Return the stretch from the line with "Paroto Magnetic Paper" through the line with "Fairy in a Purple" in the data below, character for character, skipping all pictures.

** Records for this exercise follows **

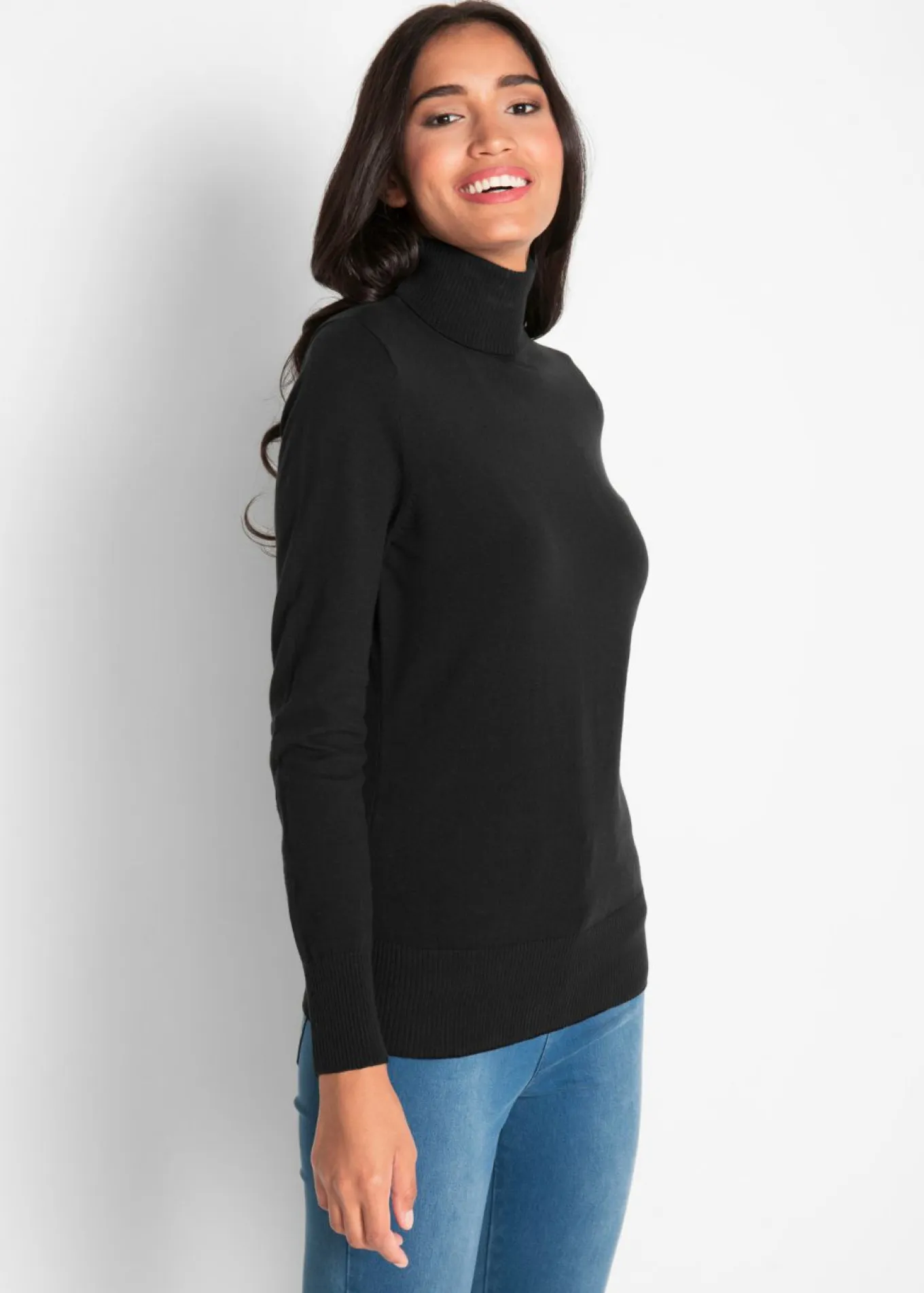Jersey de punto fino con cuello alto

** End of Records for this exercise **
** Records for this exercise follows **

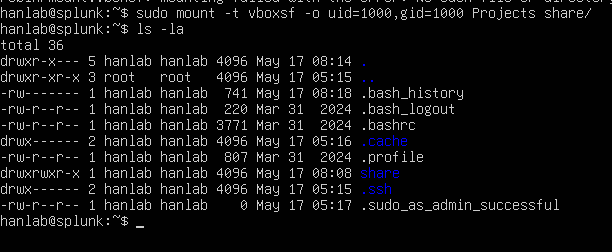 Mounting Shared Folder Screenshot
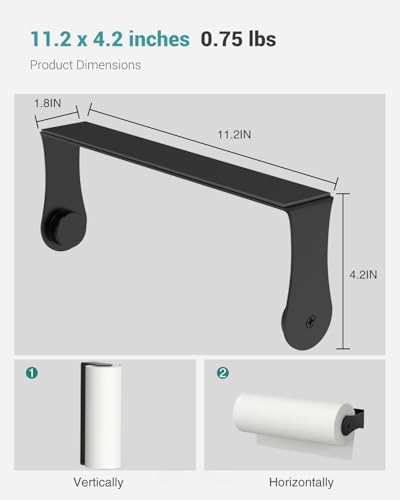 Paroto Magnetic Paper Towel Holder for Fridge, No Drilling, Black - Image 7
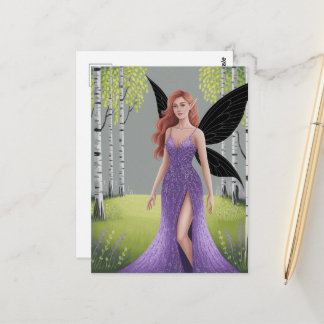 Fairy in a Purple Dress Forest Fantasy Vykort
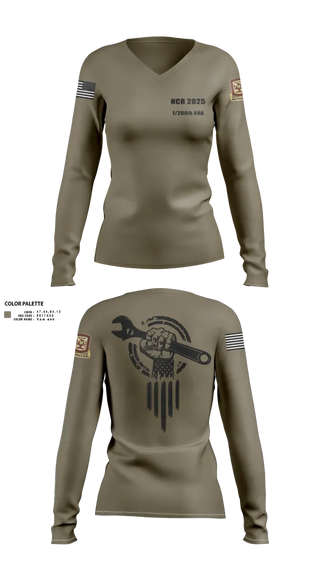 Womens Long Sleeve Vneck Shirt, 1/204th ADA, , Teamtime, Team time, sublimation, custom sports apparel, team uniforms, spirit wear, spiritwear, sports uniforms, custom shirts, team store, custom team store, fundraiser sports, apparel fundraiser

** End of Records for this exercise **

* Exercise answer *
 Paroto Magnetic Paper Towel Holder for Fridge, No Drilling, Black - Image 7
 Fairy in a Purple Dress Forest Fantasy Vykort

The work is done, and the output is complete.